Ex-Olympus chief gives up CEO bid

Former Olympus president Michael Woodford meets with reporters upon his arrival at Narita airport.

Story highlights

  • NEW: Former CEO plans to file a wrongful termination lawsuit against Olympus
  • Michael Woodford has abandoned his bid to retake the reins of the beleaguered firm
  • The former Olympus CEO turned whistleblower on a $1.7 billion company cover-up
  • Woodford: Fight has "been traumatizing for all those around me, especially my family"
Michael Woodford, the former Olympus CEO who turned whistleblower on a $1.7 billion company cover-up after his October ouster, has abandoned his bid to retake the reins of the beleaguered firm.
He does, however, plan to file a lawsuit against his former employer for wrongful termination. "I will most definitely be suing Olympus," Woodford said Friday at a press conference at the Foreign Correspondent's Club in Tokyo.

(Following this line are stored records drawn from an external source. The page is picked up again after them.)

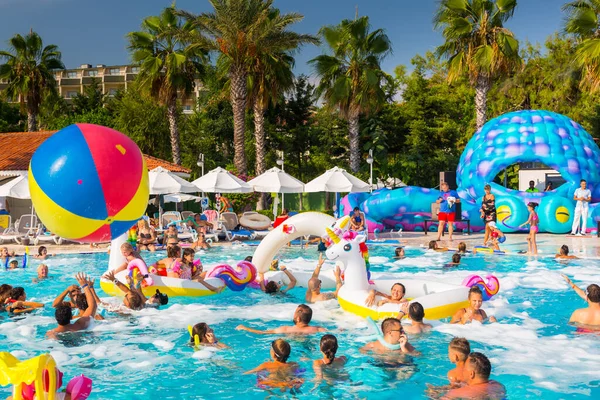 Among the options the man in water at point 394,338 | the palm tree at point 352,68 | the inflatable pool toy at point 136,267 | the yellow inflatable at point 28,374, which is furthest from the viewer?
the palm tree at point 352,68

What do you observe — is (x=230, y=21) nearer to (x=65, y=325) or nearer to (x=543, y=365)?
(x=65, y=325)

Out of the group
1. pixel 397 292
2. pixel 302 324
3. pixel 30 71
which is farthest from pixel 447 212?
pixel 30 71

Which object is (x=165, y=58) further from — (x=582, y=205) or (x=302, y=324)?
(x=302, y=324)

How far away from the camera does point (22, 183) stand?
63.5 feet

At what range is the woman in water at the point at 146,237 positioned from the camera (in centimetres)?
1727

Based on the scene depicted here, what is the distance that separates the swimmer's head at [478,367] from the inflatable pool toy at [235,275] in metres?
5.98

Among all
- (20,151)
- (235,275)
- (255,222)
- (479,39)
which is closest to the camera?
(235,275)

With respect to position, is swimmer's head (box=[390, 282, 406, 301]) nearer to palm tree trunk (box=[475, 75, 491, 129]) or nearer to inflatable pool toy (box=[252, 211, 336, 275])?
inflatable pool toy (box=[252, 211, 336, 275])

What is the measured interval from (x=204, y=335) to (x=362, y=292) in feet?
8.90

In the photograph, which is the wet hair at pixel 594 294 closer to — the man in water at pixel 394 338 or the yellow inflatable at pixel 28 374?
the man in water at pixel 394 338

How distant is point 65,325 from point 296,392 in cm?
370

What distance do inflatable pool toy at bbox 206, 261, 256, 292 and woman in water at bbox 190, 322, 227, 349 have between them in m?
3.25

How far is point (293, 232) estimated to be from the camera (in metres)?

The British executive, who spent 30 years with Olympus before he was named the first foreign president of the Japanese camera and medical instruments maker in April, said he is abandoning his proxy fight due to the stress on his family and the lack of support among Japanese institutional shareholders.

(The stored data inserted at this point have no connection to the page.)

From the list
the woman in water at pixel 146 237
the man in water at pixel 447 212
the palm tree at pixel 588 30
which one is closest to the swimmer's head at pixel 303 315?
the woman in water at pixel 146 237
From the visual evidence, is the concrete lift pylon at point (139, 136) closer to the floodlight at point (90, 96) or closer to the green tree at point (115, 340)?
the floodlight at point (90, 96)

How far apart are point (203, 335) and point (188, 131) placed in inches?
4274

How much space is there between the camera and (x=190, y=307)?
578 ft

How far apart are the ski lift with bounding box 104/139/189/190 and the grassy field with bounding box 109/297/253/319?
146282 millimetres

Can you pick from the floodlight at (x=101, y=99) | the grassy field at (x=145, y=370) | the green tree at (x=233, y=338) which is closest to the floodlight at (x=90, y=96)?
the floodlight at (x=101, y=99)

"The last 12 weeks have been the most emotionally demanding and challenging period in my entire life," Woodford said in a statement Friday. "The brutal way I was dismissed as President on 14 October, and the subsequent lies and denials, have been traumatizing for all those around me, especially my family."
Woodford was fired after he attempted to force out Chairman Tsuyoshi Kikukawa over exorbitant payments for mergers and acquisitions deals and fees. Kikukawa has since resigned, and a third-party panel analyzing the company books detailed how the company hid losses on bad investments from regulators and company shareholders dating back to the 1990s.
The scathing December 7 panel report that suggested the Japanese company "should remove its malignant cancer ... the management was rotten to the core, and infected those around it."
After the Woodford went to the press about the cover-up in October, the company's shares were pounded -- at one point, the company lost more than 75% of its share value.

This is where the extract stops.